Gates of Thread and Stone (Gates of Thread and Stone series) - Lori M. Lee

“Gates of Thread and Stone” is an example of a book that I see and it stupefies me – the title, cover, and summary seem promising enough, yet something feels off about it, an inner warning going off that says not to hope for too much from it. But it’s difficult to deny a chance to read the book right away, so seeing it in the Read Now section of Netgalley seemed like a sign to give it a try, so I did.


The summary of the book clearly reflects its contents: they are as plain and vague as the synopsis on Goodreads. The disappointment began from the very first paragraph and continued to accumulate over the course of the novel. “Gates of Thread and Stone” follows, yet again, what some authors have established as THE YA book formula – you’ve got the rough, tough heroine with a secret and the power to single handedly solve all the world’s problems, you’ve got her best friend she loves but hasn’t been able to tell who also secretly likes her, and you’ve got all your little elements of magic and fantasy. Simple enough and not too bad when at least executed properly. This one wasn’t.


Kai is a hypocrite, to lay it down right away. She’s not as tough as she tries to be or at least how the author tries to make her seem. Her ogling over Avan were scoff-worthy and borderline ridiculous. At least if we had some more context on their past relationship as friends I’d be able to let it slide more, but the constant blushing about their hands grazing or her later comparisons of him to the sun were too much for me to bear, and I’m the kind of person that usually doesn’t mind cheesy kind of romances. But Kai is weak. She’s illogical, despite her attempts to calm herself down and think rationally when trying to save Reev. One specific detail that really irked me was her referral to “the prostitute’s knife” or “the prostitute’s map” over the course of the story. Ok, I get it that it belonged to a prostitute when she originally gave the objects to you, why keep repeating it over the course of the story whenever referring back to them? Why not just say “the knife” or “the map”, especially considering that the prostitute isn’t a significant character at all? It coloured Kai’s character in a very negative way for me. It’s one thing to establish how dirty and “immoral” a city is and mention some of those details, but it’s another thing to keep bringing one of them up in such an uncalled-for way. It was difficult to root for Kai when I didn’t like anything about her.


Avan and Reev were alright, both of their relationships with Kai on what I’d call a passable level. Reev’s your standard brother who tries to care for his adopted sister and then goes and does something reckless in order to keep her safe and more or less happy.

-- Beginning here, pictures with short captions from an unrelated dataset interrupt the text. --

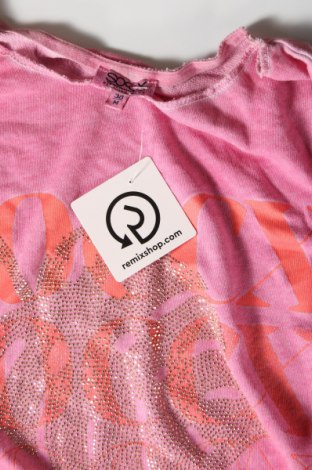 Γυναικεία μπλούζα Soccx, Μέγεθος M, Χρώμα Ρόζ , Τιμή 16,03 €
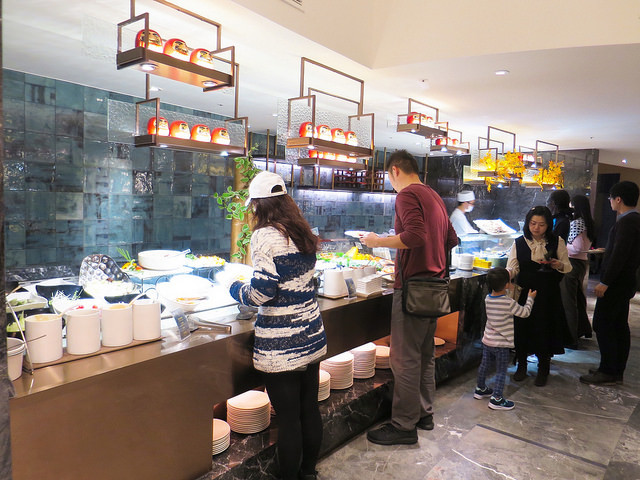 台北王朝大酒店SUNNY BUFFET41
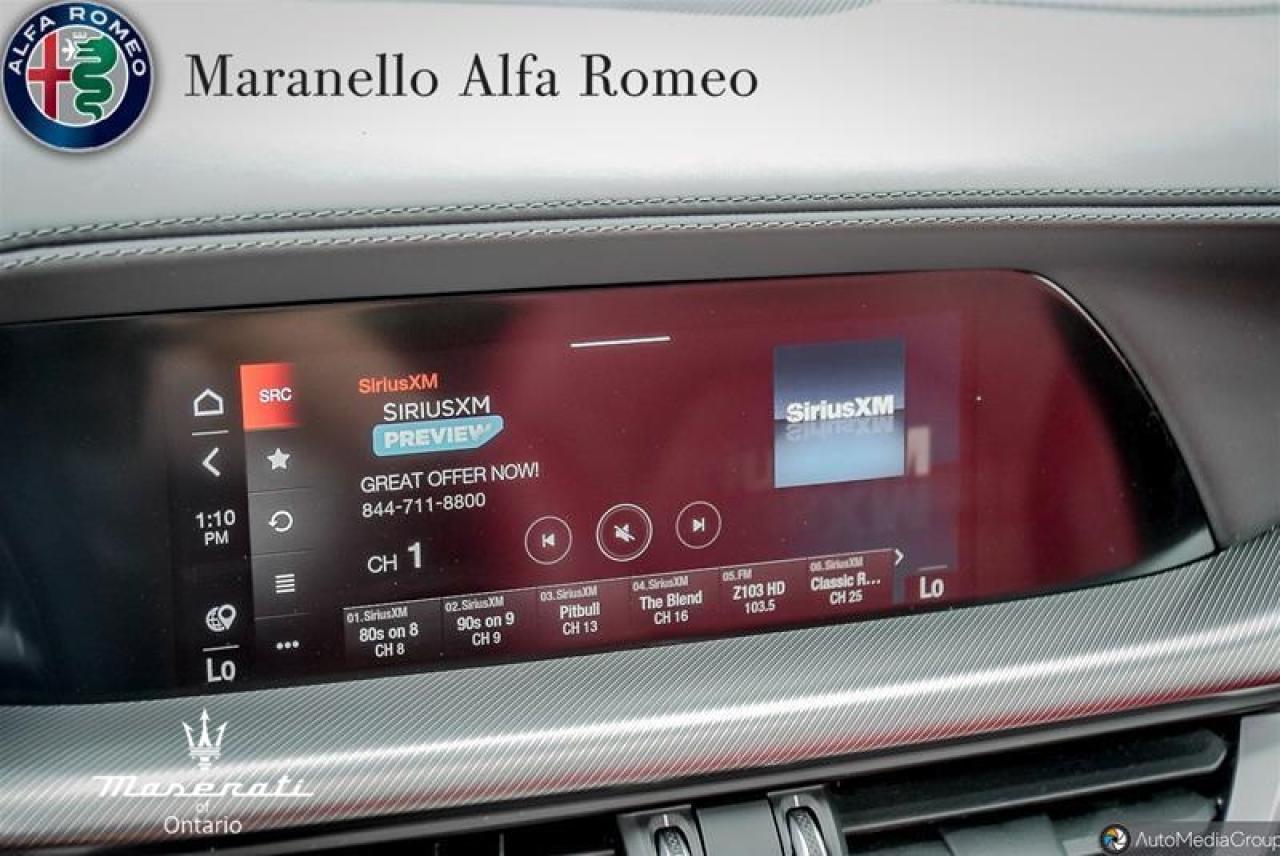 2022 Alfa Romeo Stelvio Ti 4dr All-Wheel Drive Photo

Avan was underdeveloped as an independent character, Kai’s infatuation with him being the only thing that coloured who he was which, referring to the previous point about Kai, isn’t a good thing. Some details about Avan I didn’t understand – what’s the story with the tattoo? What’s the deal with him being that ridiculously attractive that kai keeps bringing up his potentially shady past and how he doesn’t care about gender? What in general is this soap opera that I didn’t sign up for?


The plot is, needless to say, unoriginal. The world building is poor and it felt more like it was slap-dashed together to create some kind of background for the central teenage drama that takes up the main focus of the story. I have only a vague idea still about the mahjo war and who the sentiles were and how the whole city worked. It was way too vague for my taste. At least give it some substance for me to not feel like I’m forced to go along with the whole mindless shebang. And the appearance of the immortals and the “big” revelation at the end of the story was predictable and boring.


I can’t find any positive in this book. It was dull, unoriginal, with an unpleasant lead character. These kinds of books make me suspicious about the incentive the author had to write this book, especially when it turns out like this one did. It looks suspiciously like an attempt to jump on the YA bandwagon and add nothing new to an already enormous genre. Disappointing. I should’ve trusted my initial instinct and stayed away from this one.